The party advocates for adopting a law to combat poverty, new tax reform designed by the party, increased social assistance for minors and a minimum wage. 

“We demand that women retire at 58, the newlyweds be given temporary residence, and for mortgages to not exceed 3 percent,” he said.

Auesbayev said the National Social Democratic Party will concentrate on eradicating corruption, citing it as the greatest problem holding the country back and preventing it from addressing concerns such as medical care, housing, pensions, and wages.

“Problems are not being fixed. And our program has good proposals,” he added.

If elected, Tau said Respublica would focus on tackling the disparity in education and medium-sized entrepreneurship between cities and the countryside. “The government should support entrepreneurship in villages and develop good living standards for its residents,” he added.

In the second round, the participants responded to each other’s questions. Each participant had two minutes to respond before others could join the discussion. The Baytaq party did not participate in this segment. 

In the third round, debate moderator Armangul Toktamurat challenged the participants to identify three issues they would try to resolve first if elected to the Mazhilis.

Dyusembinov said the parliament should have a say in approving and controlling the state budget. He also proposed that the majority party should form the government to increase its accountability before the parliament, and that the judiciary system should be improved.

Beisenbayev said his party will prioritize social equality, rule of law, the revival of villages and the agro-industrial industry, as well as promote the Kazakh language to consolidate the society.

Dairabayev focused on improving infrastructure in villages by ensuring good roads, water, gas, and internet, as well as adopting a law on food safety and stable management of the country’s agricultural sector with strict monitoring of the implemented programs.

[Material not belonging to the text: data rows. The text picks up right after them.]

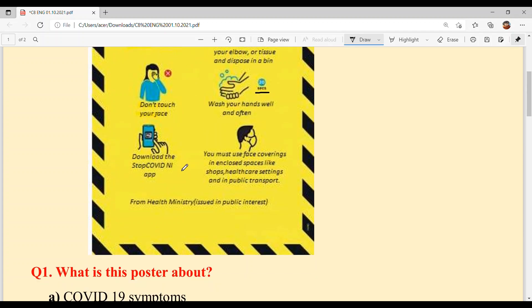Download the Stop COVID NI app. You must use face coverings in enclosed spaces like shops, healthcare settings, and on public transport.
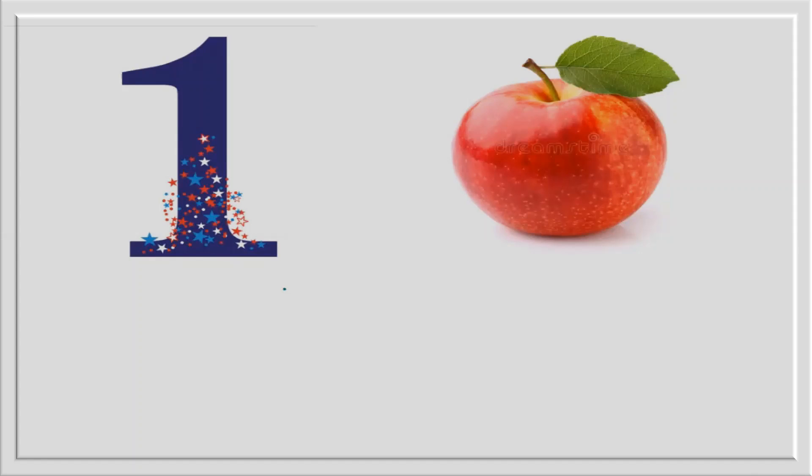Hello kids, today we will learn numbers with their spellings. So let's start with me.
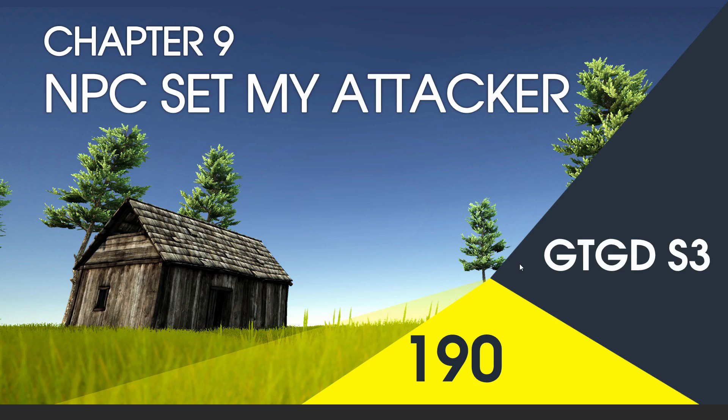Welcome to video 190 in series 3. I'll write the npc setMyAttacker script.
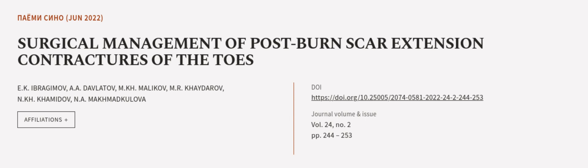This article was authored by E.K. Ibrajimov, A.A. Davlatov, M.K.H. Malikov, and others.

Amirtai said his party will focus on the accountability of enterprises and officials for environmental pollution, revision of the Environmental Code, restoration of environmental science in Kazakhstan, and eradication of social inequality by assisting vulnerable citizens.

The People’s Party will prioritize social support for working people by providing a land plot for every citizen, as well as free education and medical care. The party would also focus on repossessing oligarchs’ property and returning illegally privatized enterprises to the state, as well as improving youth policy by providing housing and increasing student stipends.

Auesbayev said his party would first address assistance to the poorest citizens, eliminate the oligarchic system, and ensure control over the country’s resources by returning all illegally obtained assets to the people.

The Respublica party will aim to provide support to the youth in villages and cities by creating competitive conditions for qualified young people and providing decent wages to encourage young people not to leave abroad for work.

The parliamentary election will take place on March 19, with seven political parties and candidates in single-member districts competing for 98 seats in the Mazhilis and 3,415 seats in the maslikhats (local representative bodies). 

The election promises to be competitive, with 283 party list candidates and 435 running in single-mandate districts for the Mazhilis alone. Campaigning will last until midnight on March 18. A total of 33.4 billion tenge ($72.5 million) is expected to be spent on the election.